對於二分來說，個人暫且將其分為整數型和實數型。
     對整數型而言，一般問題對於（low<=high）條件的判斷取等號即可，因為在while途中查詢遇到可匹配的便break，比方說二分查詢已排序的數列。但是有些問題並不是這樣的，在此分為兩類：取最大值的min，和取最小值的max。
     對於前一種，要用<（即不斷往下推得最優解），而後一種要用<=（即不斷往上推得最優解）。同時，若對於前一種情況而言，因為要取最小的最優解，那麼即使取中的mid可以滿足條件仍要將high=mid-1以獲得更小的最優解；對max的情況也是一樣。
     下面給出兩個例子以示說明：
     min型：

Description

Farmer John is an astounding accounting wizard and has realized he might run out of money to run the farm. He has already calculated and recorded the exact amount of money (1 ≤ moneyi ≤ 10,000) that he will need to spend each day over the next N (1 ≤ N ≤ 100,000) days.

FJ wants to create a budget for a sequential set of exactly M

 (1 ≤ M ≤ N) fiscal periods called "fajomonths". Each of these fajomonths contains a set of 1 or more consecutive days. Every day is contained in exactly one fajomonth.

FJ's goal is to arrange the fajomonths so as to minimize the expenses of the fajomonth with the highest spending and thus determine his monthly spending limit.

Input

Line 1: Two space-separated integers: N and M
Lines 2.. N+1: Line i+1 contains the number of dollars Farmer John spends on the ith day

Output

Line 1: The smallest possible monthly limit Farmer John can afford to live with.

Sample Input

7 5100400300100500101400

Sample Output

500

Hint

If Farmer John schedules the months so that the first two days are a month, the third and fourth are a month, and the last three are their own months, he spends at most $500 in any month. Any other method of scheduling gives a larger minimum monthly limit. 

程式碼如下：

#include <stdio.h>

#include <string.h>

#include <algorithm>

using namespace std;

int a[100005];

int main()

{

    int n,m,mid;

    while(scanf("%d%d",&n,&m)==2)

    {

        int sum=0;

        int maxn=-1;

        int i;

        for(i=1;i<=n;i++)

        {

            scanf("%d",&a[i]);

            if(a[i]>maxn) maxn=a[i];

            sum+=a[i];

        }

        mid=(maxn+sum)/2;

        while(maxn<sum)   //注意這裡是＜！

        {

            int cnt=1;

            int s=0;

            for(i=1;i<=n;i++)

            {

                s+=a[i];

                if(s>mid)

                {

                    cnt++;

                    s=a[i];

                }

            }

            if(cnt<=m) sum=mid-1;

                else maxn=mid+1;

            mid=(maxn+sum)/2;

        }

        printf("%d\n",mid);

    }

    return 0;

} 

max型：

Description

Every year the cows hold an event featuring a peculiar version of hopscotch that involves carefully jumping from rock to rock in a river. The excitement takes place on a long, straight river with a rock at the start and another rock at the end, L units away from the start (1 ≤ L ≤ 1,000,000,000). Along the river between the starting and ending rocks, N (0 ≤ N ≤ 50,000) more rocks appear, each at an integral distance Di from the start (0 < Di < L).

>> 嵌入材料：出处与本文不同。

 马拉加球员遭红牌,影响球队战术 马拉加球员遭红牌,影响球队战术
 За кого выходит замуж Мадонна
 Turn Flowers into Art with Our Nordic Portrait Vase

To play the game, each cow in turn starts at the starting rock and tries to reach the finish at the ending rock, jumping only from rock to rock. Of course, less agile cows never make it to the final rock, ending up instead in the river.

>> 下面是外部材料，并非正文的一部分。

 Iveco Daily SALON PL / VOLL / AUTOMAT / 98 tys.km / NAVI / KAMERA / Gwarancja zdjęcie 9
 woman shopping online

Farmer John is proud of his cows and watches this event each year. But as time goes by, he tires of watching the timid cows of the other farmers limp across the short distances between rocks placed too closely together. He plans to remove several rocks in order to increase the shortest distance a cow will have to jump to reach the end. He knows he cannot remove the starting and ending rocks, but he calculates that he has enough resources to remove up toM rocks (0 ≤ M ≤ N).

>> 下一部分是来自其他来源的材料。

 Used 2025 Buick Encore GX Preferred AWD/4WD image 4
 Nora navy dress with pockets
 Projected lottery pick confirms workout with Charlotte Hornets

FJ wants to know exactly how much he can increase the shortest distance *before* he starts removing the rocks. Help Farmer John determine the greatest possible shortest distance a cow has to jump after removing the optimal set of M rocks.

Input

Line 1: Three space-separated integers: L, N, and M
Lines 2.. N+1: Each line contains a single integer indicating how far some rock is away from the starting rock. No two rocks share the same position.

Output

Line 1: A single integer that is the maximum of the shortest distance a cow has to jump after removing M rocks

Sample Input

25 5 2214112117

Sample Output

4

Hint

Before removing any rocks, the shortest jump was a jump of 2 from 0 (the start) to 2. After removing the rocks at 2 and 14, the shortest required jump is a jump of 4 (from 17 to 21 or from 21 to 25).

程式碼如下：

#include<iostream>

#include<cstdlib>

#include<stdio.h>

#include<algorithm>

#include<math.h>

using namespace std;

int a[50000+5];

int main()

{

    int l,n,m;

    while(scanf("%d%d%d",&l,&n,&m)==3)

    {

        for(int i=1;i<=n;i++) scanf("%d",&a[i]);

        a[0]=0;a[n+1]=l;

        sort(a+1,a+1+n);

        int minn=a[1]-a[0],maxx=l;

        for(int i=1;i<=n+1;i++) minn=min(minn,a[i]-a[i-1]);

        int mid=(minn+maxx)>>1;

        while(minn<=maxx)  //注意這裡是<=!

        {

            int cnt=-1;

            int s=0;

            for(int i=1;i<=n+1;i++)

            {

                s+=a[i]-a[i-1];

                if(s>=mid)

                {

                    cnt++;

                    s=0;

                }

            }

            if(cnt<n-m) maxx=mid-1;

                else minn=mid+1;

            mid=(minn+maxx)>>1;

        }

        printf("%d\n",mid);

    }

}

至於證明過程還是將中間變數都printf出來看看好了，之前都想破頭腦才搞清楚的= =。 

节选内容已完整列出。